Naturalmente, chi più chi meno, tutti, in nome della democrazia, sono critici dei Paesi socialisti, dei Paesi cioè che hanno in comune la prevalenza dell'economia pubblica e una pratica di "dittatura del proletariato", sia pure variamente formalizzata e istituzionalizzata. Questi Paesi sono la Cina, il Vietnam, la Corea del Nord, Cuba, il Laos. L'Occidente li definisce dittature tout court; l'estrema sinistra di fatto è d'accordo e anzi molto spesso lo accusa di essere arrendevole verso di loro perchè, al di là delle differenze di sistema politico, i Paesi socialisti sarebbero anch'essi capitalistici.

Così si verifica quella convergenza, definita dai commentatori "strana", per cui, per esempio, l'estrema destra repubblicana e l'estrema sinistra convergono, negli USA, per chiedere a gran voce di trasformare il clintoniano engagement verso la Cina in containment o addirittura in roll back.

Intendiamoci, qui non si tratta di difendere ogni aspetto della vita e del sistema politico dei Paesi socialisti. Si tratta di riconoscere positivamente il loro tentativo di dar vita a un sistema politico funzionale al soddisfacimento dei bisogni sociali e culturali della maggioranza proletaria della popolazione. Anche noi abbiamo bisogno di un sistema politico alternativo alla democrazia liberale, cioè alla dittatura della borghesia. E gli strumenti di partecipazione politica che, soprattutto a Cuba e in Cina, si presentano come coinvolgenti larghe masse di lavoratori, riteniamo vadano proposti, se non come modelli, almeno come esperienze stimolanti sulla strada di una nuova democrazia.

L'Occidente si prepara a fare piazza pulita dei Paesi socialisti. Hanno incominciato dalla Jugoslavia e certo non sono soddisfatti di non essere riusciti, finora, a scalzare il potere di quello che definiscono il comunista Milosevic.
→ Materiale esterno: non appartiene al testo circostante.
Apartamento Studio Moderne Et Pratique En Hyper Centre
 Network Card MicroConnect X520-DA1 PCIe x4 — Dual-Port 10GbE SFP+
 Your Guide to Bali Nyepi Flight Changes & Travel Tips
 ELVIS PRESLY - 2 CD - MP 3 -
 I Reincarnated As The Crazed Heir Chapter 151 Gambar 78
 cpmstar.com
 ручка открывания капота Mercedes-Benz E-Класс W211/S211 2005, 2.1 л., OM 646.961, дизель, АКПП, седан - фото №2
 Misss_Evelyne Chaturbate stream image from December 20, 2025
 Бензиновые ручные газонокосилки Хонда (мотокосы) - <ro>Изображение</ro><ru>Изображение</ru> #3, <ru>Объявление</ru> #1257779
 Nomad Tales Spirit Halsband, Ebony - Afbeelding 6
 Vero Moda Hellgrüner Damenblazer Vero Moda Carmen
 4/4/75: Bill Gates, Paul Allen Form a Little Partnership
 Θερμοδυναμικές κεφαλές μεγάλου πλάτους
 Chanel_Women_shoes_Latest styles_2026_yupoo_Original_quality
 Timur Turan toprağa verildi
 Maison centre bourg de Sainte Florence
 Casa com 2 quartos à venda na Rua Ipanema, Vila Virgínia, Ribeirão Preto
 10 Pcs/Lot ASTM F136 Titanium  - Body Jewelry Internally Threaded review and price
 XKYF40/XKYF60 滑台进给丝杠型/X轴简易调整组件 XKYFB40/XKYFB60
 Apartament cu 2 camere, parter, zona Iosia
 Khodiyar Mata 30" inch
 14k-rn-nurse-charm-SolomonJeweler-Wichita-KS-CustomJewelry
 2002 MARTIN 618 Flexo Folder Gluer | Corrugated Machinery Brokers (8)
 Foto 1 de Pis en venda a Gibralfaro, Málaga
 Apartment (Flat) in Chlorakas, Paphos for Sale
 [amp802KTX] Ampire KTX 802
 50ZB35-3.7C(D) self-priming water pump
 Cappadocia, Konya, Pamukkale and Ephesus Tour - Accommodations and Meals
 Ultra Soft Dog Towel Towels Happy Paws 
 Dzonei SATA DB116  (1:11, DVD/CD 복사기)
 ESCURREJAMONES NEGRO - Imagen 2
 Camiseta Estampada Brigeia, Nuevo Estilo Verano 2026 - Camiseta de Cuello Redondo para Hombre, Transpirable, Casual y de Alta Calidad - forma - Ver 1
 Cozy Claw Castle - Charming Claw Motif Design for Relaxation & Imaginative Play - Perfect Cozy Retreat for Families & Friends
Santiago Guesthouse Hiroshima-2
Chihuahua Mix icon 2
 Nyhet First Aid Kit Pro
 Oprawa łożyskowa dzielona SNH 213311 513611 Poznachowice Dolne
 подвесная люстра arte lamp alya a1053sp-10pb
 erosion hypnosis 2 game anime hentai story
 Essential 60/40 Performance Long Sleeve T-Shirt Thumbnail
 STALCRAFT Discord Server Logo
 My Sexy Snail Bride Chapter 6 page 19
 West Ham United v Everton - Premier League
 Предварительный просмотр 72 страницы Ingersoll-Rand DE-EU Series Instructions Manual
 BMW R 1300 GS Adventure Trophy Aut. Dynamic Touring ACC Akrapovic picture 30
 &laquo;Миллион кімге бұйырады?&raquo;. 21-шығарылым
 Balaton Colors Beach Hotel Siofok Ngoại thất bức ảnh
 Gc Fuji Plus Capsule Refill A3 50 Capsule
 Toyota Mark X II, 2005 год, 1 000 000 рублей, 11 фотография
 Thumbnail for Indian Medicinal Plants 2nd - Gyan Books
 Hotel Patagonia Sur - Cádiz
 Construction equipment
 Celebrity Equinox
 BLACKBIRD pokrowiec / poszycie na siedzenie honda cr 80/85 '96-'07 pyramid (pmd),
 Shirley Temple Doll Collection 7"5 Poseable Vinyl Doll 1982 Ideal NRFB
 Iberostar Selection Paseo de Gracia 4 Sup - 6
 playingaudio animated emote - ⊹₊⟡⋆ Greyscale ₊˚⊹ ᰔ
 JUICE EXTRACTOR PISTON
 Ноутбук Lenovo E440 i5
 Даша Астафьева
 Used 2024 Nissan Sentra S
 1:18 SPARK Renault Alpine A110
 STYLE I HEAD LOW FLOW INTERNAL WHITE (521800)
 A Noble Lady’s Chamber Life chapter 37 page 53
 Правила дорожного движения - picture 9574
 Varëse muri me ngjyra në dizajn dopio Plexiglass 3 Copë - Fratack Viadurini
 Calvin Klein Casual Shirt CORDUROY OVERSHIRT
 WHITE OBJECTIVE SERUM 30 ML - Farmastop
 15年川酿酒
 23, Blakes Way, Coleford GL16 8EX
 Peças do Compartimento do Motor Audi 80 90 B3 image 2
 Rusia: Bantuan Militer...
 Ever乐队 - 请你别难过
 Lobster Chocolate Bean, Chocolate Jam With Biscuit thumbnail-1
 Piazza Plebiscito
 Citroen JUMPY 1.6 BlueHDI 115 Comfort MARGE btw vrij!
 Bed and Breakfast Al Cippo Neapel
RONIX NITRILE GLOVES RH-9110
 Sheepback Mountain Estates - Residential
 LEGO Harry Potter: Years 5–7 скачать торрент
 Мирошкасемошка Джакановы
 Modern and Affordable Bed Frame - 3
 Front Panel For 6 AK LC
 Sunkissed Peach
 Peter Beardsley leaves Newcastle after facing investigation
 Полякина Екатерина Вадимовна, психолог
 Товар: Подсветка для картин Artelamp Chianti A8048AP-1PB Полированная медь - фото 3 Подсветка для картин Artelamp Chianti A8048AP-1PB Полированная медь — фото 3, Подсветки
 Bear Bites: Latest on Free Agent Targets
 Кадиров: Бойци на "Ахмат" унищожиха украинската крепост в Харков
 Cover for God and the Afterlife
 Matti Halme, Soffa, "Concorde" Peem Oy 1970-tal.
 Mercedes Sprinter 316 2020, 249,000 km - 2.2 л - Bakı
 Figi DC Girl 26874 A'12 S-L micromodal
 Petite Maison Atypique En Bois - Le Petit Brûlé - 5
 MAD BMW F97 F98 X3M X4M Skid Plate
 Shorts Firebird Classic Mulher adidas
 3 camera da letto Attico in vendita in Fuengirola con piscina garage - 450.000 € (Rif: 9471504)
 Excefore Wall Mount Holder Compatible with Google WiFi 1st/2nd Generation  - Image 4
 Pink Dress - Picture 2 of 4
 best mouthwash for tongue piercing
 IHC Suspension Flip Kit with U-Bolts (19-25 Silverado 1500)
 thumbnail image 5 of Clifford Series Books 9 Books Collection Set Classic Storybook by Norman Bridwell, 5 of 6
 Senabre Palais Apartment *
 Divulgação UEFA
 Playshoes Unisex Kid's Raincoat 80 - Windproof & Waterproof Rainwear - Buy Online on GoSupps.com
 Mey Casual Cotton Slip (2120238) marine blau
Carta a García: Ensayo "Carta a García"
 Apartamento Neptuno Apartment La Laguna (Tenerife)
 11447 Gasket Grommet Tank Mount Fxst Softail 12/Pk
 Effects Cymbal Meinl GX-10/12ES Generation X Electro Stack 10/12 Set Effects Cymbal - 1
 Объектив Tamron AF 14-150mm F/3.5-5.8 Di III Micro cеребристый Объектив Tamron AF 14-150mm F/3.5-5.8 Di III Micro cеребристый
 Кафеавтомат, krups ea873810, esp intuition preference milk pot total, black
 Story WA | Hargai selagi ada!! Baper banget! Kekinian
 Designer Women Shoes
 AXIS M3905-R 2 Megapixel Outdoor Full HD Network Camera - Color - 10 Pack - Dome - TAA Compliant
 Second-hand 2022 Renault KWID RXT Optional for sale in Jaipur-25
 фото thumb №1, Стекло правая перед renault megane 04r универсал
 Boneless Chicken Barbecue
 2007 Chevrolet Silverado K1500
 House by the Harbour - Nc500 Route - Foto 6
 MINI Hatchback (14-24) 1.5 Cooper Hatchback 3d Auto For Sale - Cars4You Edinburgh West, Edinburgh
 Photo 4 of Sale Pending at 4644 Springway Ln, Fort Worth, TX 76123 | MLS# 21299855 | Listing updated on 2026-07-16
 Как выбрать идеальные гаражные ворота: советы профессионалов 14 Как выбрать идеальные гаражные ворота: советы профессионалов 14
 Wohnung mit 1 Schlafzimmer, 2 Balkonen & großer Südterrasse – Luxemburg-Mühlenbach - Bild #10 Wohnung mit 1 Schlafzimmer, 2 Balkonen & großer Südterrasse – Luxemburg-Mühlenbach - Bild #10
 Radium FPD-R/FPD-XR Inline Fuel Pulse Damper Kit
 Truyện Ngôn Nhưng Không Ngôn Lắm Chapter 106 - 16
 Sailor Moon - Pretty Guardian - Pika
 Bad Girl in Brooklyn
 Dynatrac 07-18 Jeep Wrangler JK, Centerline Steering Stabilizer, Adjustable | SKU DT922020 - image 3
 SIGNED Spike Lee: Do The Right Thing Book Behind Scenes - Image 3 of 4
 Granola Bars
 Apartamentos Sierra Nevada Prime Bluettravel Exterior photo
Tutti i commentatori dicono, giustamente, che con la guerra del Kosovo la NATO ha fatto le prove di future maxi-campagne di raids sia contro una Russia tornata comunista, sia contro una Cina che si potrebbe cercare di amputare del Tibet, per punirla di aver realizzato in quella provincia un miracolo di sviluppo sociale e culturale esemplare.

L'estrema sinistra deve decidere da che parte stare, al di là delle parole: se con il capitalismo o con il socialismo. Alcuni gruppi, come "Socialismo Rivoluzionario", hanno già scelto di diventare truppe ausiliarie del nemico. I trotskisti di Maitan si sono spinti molto oltre propugnando "l'autodeterminazione" dei kosovari. Quelli di Ferrando sono per il rovesciamento del governo di Milosevic. Una parte rilevante di Rifondazione Comunista civetta con l'opposizione filoimperialista serba e vaneggia di "pulizia etnica" in Tibet. Il "Manifesto" da anni combatte un'infame battaglia contro i Paesi socialisti.

Ogni compagno/a, ogni realtà dell'estrema sinistra, non ha più molto tempo per decidere se stare con il socialismo o con la NATO. Tertium non datur.